YouGov have a poll in tomorrow’s Telegraph, the first since Nick Griffin’s appearance on Question Time. It was carried out late yesterday and all day today. There isn’t actually very much detail in the Telegraph’s report, but there’s more at ConservativeHome.
The topline voting intentions, with changes from the poll last weekend, are CON 40%(-1), LAB 27%(-3), LDEM 19%(+2), BNP 3%(+1). So while the BNP support is up, it is nothing significant. 2-3% has been pretty much the norm for their support over the last couple of months, and the most recent YouGov/Telegraph poll at the end of September also had them at 3%. For the other parties, Labour are down from the 30% to 27%, more in line with the ICM and Ipsos MORI figures in the week. YouGov still have the Conservatives down at 40% in comparison to 44% and 43% from ICM and MORI.

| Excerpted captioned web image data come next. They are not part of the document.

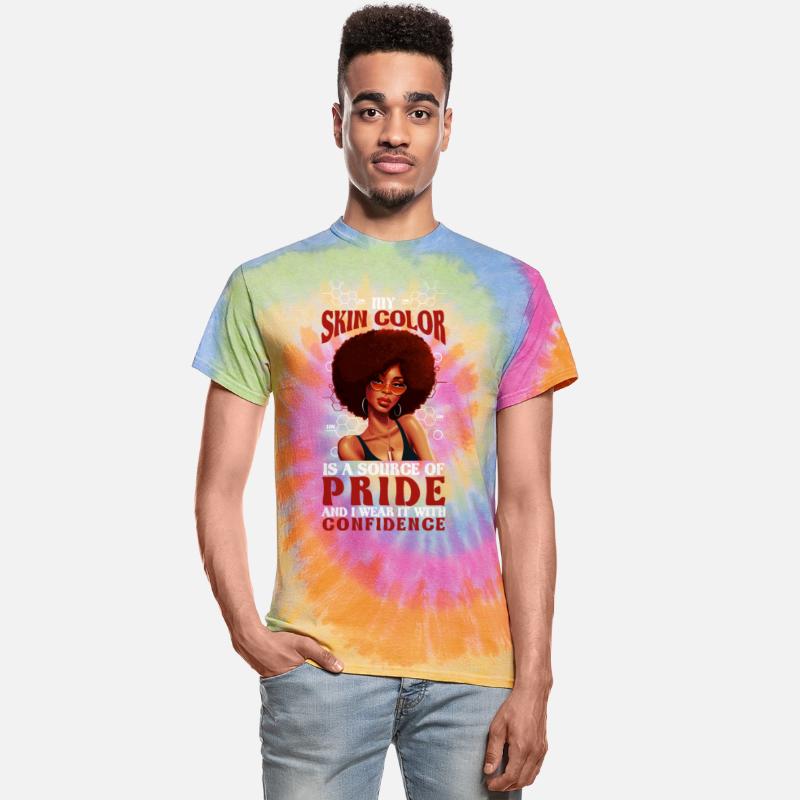 Powerful Black Pride Confidence Affirmation Black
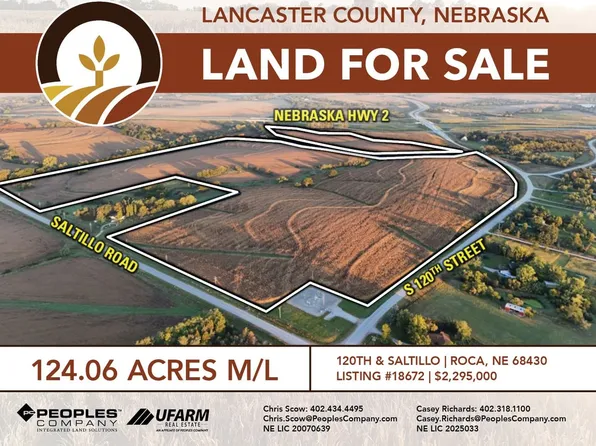 110th And Saltillo, Roca, NE 68430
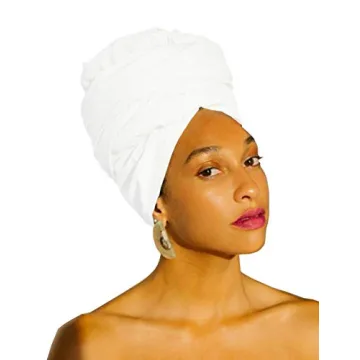 Harewom Turban Head Wrap Scarf – Stylish Long Scarf for Women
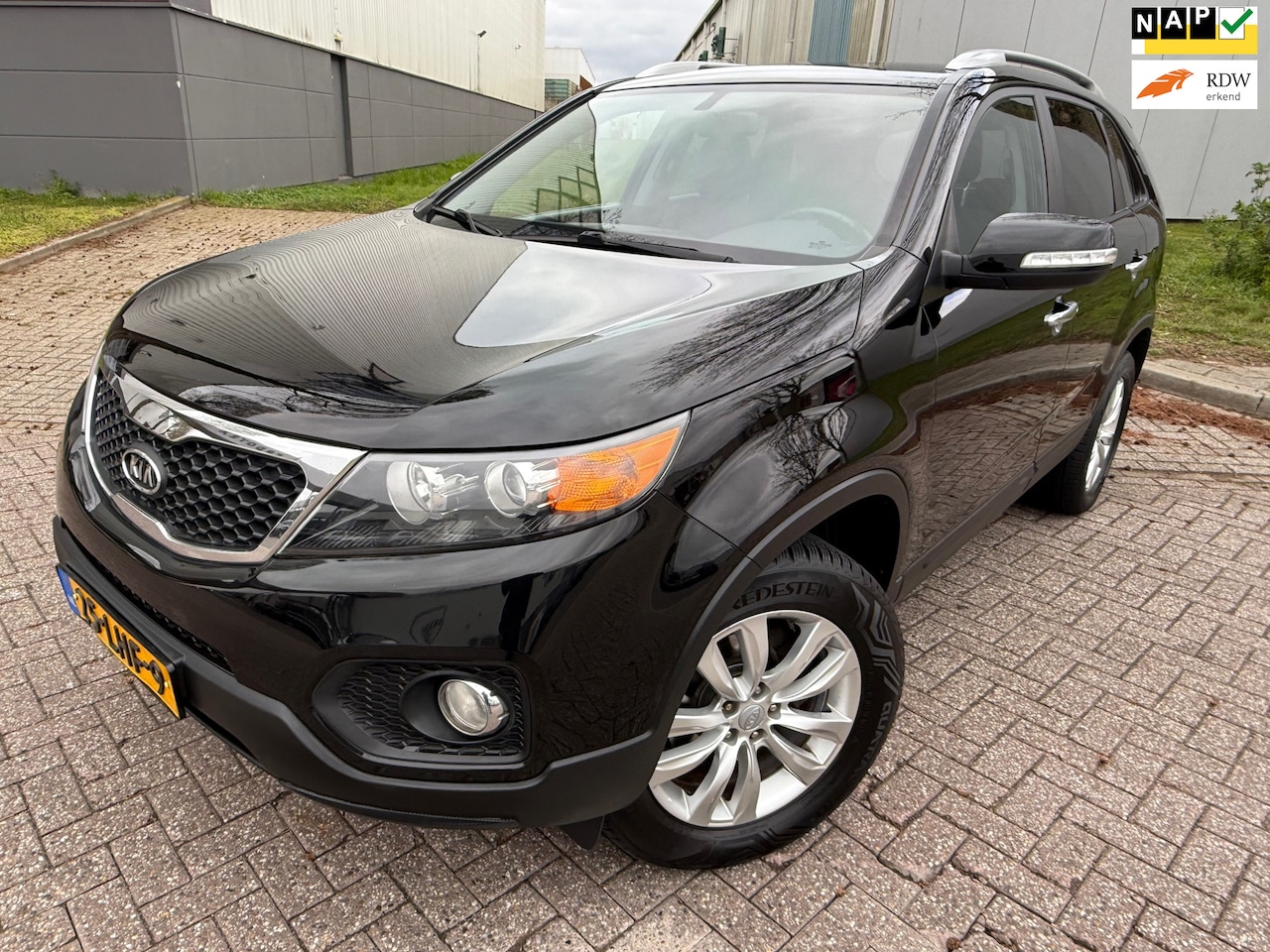 Kia Sorento - 2.4 X-ecutive*CRUISE*TERKHAAK*AIRCO*NEW APK*Automaat - AutoWereld.nl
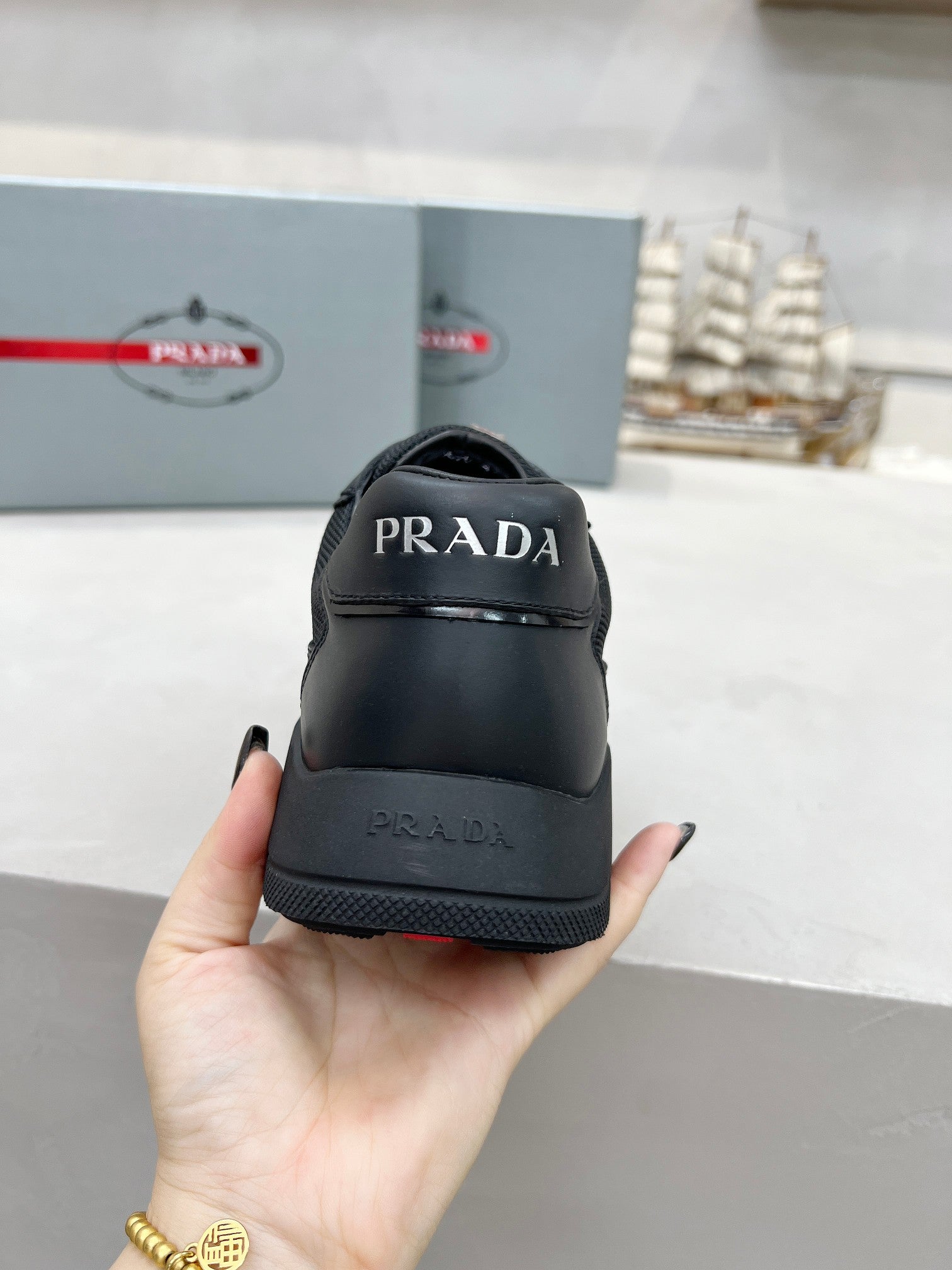 LuxluxHouse Best Quality Shoes Prada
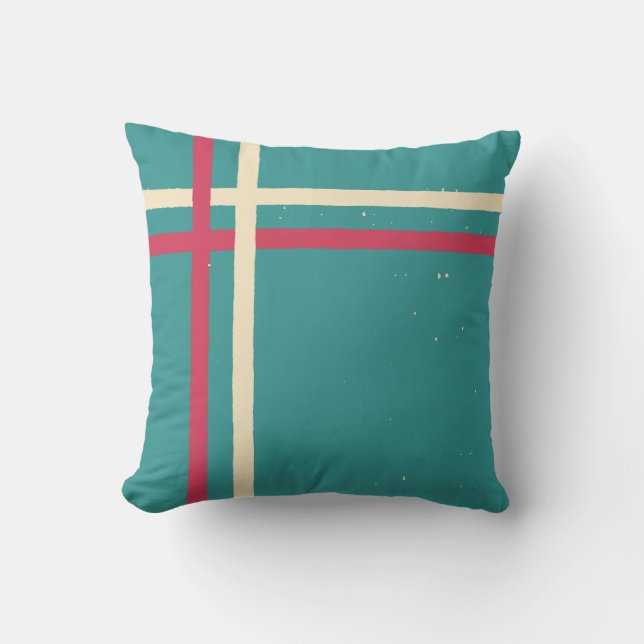 Retro-Geschenk Kissen (Vorderseite)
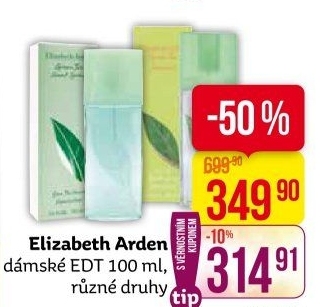 Toaletní voda Elizabeth Arden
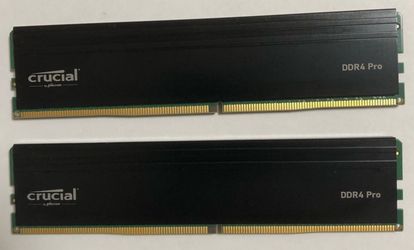 Crucial Pro 32GB DDR4 3200MHz RAM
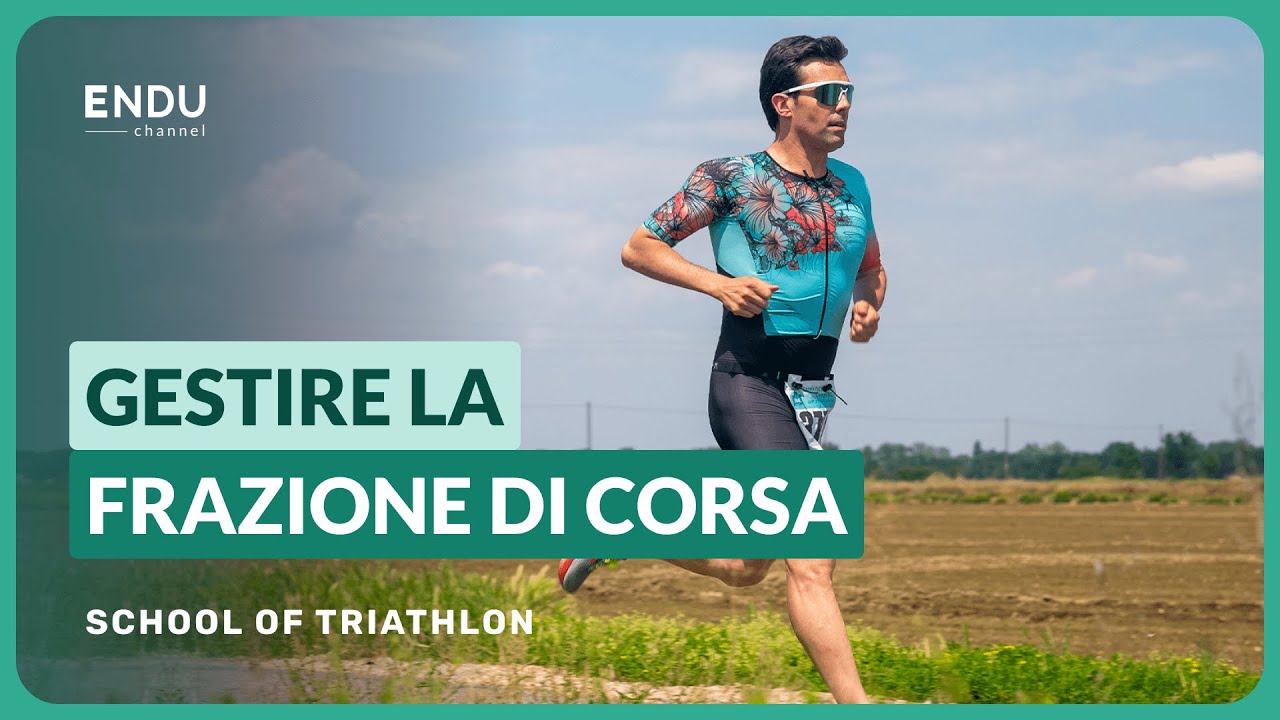 Frazione di corsa nel Triathlon: esercizi e consigli | S.2 EP.7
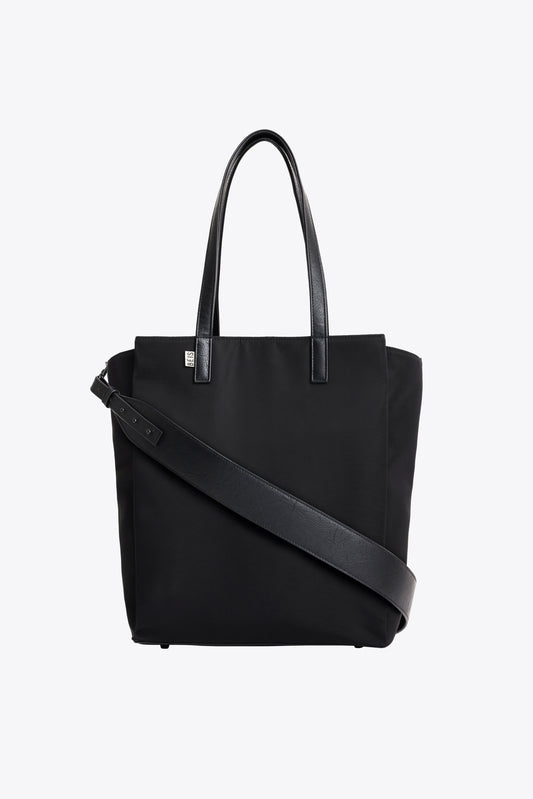 The Commuter Tote in Black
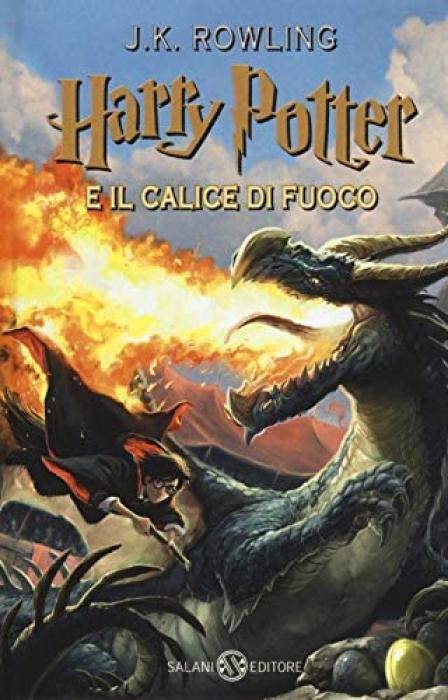 HARRY POTTER E IL CALICE DI FUOCO VOL. 4 COPERTINA RIGIDA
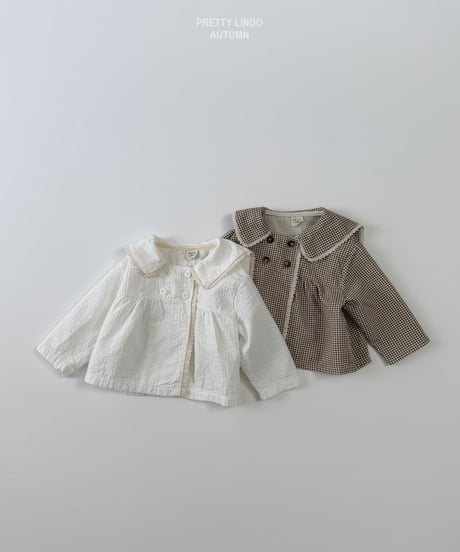 41[予約]LINDO sarah shirt jacket
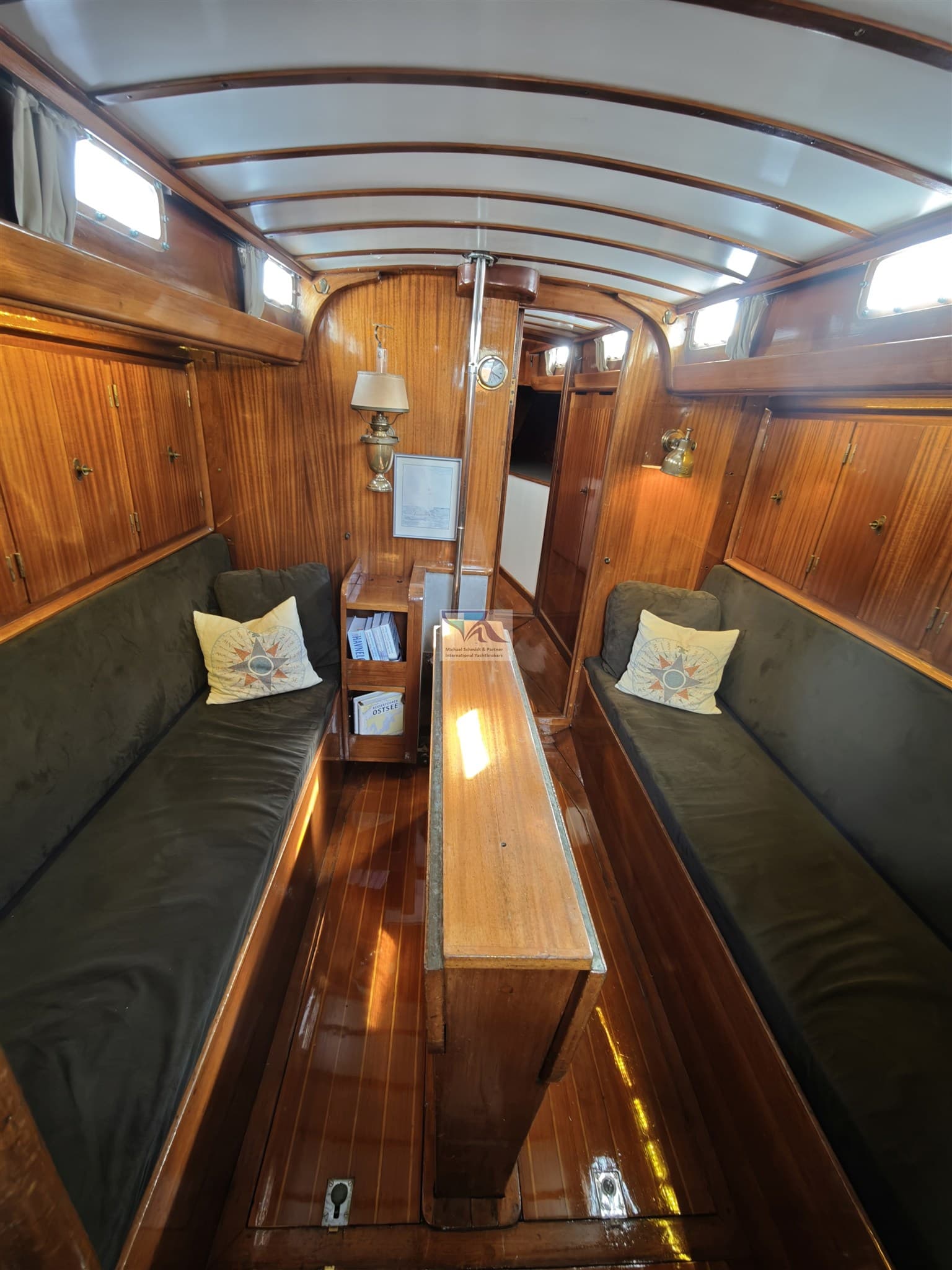 Bieritz 11m Classic Holz-Sloop gebraucht - Hauptbild 7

Anyway, the poll will really be looked at for evidence of how the BNP’s Question Time appearance has gone down, rather than the main parties. As well as voting intention, YouGov asked whether people had positive or negative opinions of the smaller parties – questions that it last asked in June straight after the European elections. Back then 11% of people had a positive impression of the BNP and 72% a negative impression, today’s figures are 9% positive and 71% negative, so no sign of any improvement in people’s opinion of the BNP either. Despite all the hoohah and protests, despite the millions of people who watched Question Time, it doesn’t seem to have made any significant difference to how the public view them, or how likely they are to support them (or at least, not yet).
Asked how likely people would be to vote BNP in a future local, general or European election. 66% said there were no circumstances at all, 15% said it was “possible”, which I suspect is more of a “never say never answer”. More significant are the 7% who would definitely or probably consider voting BNP at some point in the future.
What has changed was attitudes to the BBC’s decision to invite Griffin onto Question Time. At the weekend 63% thought it was right, 23% wrong. Now the balance of opinion has shifted further in favour of the BBC’s decision, 74% thinking it was right, and only 11% wrong.